The Second World War was one of the most horrifying and unimaginable events that happened in history; so much so, you could almost say it was what real-life horror films are made of. So, why are there not enough horror films that use soldiers and army atrocities to create a unique yet realistic dread in us? Director Mark Nuttall and writer Nigel Horne clearly picked up on this unexploited horror and along with higher beings, the paranormal and a little bit of time warping created the unique Soldiers of the Damned.
It’s 1944 and a group of German soldiers are sent on an obscure, dangerous and completely undisclosed assignment. Commander of the troops, Major Kurt Fleischer, and his men are to escort Professor Anna Kappel into the ominous forests of Russia to retrieve a precious and ancient relic. When the troops begin to vanish into thin air it becomes apparent that their mission is something far more sinister and the woods are home to worse than the brutal enemy.
There’s something very compelling about war stories and that becomes even more so when you add a slow burning atmosphere that explodes with a creative idea and lots of blood. Soldiers of the Damned progresses slowly at first but takes the time to build the characters and their relationships up, which is important when there’s the mystery of what the mission really is, who is on what side, who knows what and most vitally what is causing men to disappear and return mutilated.

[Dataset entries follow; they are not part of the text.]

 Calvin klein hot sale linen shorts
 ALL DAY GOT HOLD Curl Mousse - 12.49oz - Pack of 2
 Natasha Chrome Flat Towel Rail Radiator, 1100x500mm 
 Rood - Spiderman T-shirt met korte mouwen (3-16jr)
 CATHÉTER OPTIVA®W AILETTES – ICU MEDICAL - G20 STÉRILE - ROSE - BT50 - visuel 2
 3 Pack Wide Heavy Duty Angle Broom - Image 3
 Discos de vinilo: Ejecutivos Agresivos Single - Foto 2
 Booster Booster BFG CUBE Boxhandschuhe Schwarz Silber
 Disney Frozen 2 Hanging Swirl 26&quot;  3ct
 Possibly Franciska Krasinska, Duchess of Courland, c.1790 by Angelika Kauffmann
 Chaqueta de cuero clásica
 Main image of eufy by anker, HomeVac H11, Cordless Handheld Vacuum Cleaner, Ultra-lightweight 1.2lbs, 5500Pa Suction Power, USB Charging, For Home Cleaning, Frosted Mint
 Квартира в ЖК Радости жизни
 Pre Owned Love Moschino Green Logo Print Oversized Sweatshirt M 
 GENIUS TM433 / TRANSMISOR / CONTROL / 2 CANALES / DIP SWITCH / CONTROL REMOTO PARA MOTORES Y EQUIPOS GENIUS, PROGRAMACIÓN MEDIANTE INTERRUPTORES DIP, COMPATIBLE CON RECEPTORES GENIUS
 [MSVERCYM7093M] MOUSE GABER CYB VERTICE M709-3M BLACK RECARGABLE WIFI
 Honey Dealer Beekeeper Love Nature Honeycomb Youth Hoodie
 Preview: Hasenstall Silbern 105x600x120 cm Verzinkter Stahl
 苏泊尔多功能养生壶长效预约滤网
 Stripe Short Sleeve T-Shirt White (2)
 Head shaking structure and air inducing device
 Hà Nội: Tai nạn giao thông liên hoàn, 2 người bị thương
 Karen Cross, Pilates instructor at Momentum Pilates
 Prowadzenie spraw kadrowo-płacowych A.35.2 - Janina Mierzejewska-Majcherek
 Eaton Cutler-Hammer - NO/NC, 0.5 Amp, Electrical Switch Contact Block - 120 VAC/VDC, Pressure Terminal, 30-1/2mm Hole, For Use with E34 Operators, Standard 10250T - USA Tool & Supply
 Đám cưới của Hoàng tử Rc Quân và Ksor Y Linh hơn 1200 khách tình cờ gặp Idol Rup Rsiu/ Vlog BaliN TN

Gil Darnell (Major Kurt Fleischer) plays the commander exceptionally well, bringing to life his worn down personality from the war and his distrust towards most. Not only this but Darnell looks like George Clooney and sounds exactly like Ross Kemp – awesome! Alongside is Miriam Cooke (Professor Anna Kapell) who brought to life the perfect balance between being sweet to deceive the troops and then turning into an absolute insane bitch.
Soldiers of the Damned was bound to have a high number of deaths due to it being the war and all, but there was just the right combination of harsh but typical shooting kills with an unrestrained amount of gruesome and inventive ones by whatever lurks. The effects were done incredibly well, although my only qualm would be that I thought the tank scene could have been a little subtler. Regardless of that, I loved watching the Germans painfully combust and have bullets unconventionally put in their brains.
Nothing will be revealed about the twist of this film because I genuinely want you to see it for yourself. The plot turned unexpectedly catching me off guard with what really dwelled in the forest – it’s fresh and something I’ve never seen used before. This British indie film is perfect if you’re looking for something a little different and love both the horror and war genres. Soldiers of the Damned is truly a clever, distinctive, bloody and enthralling film, which I highly recommend.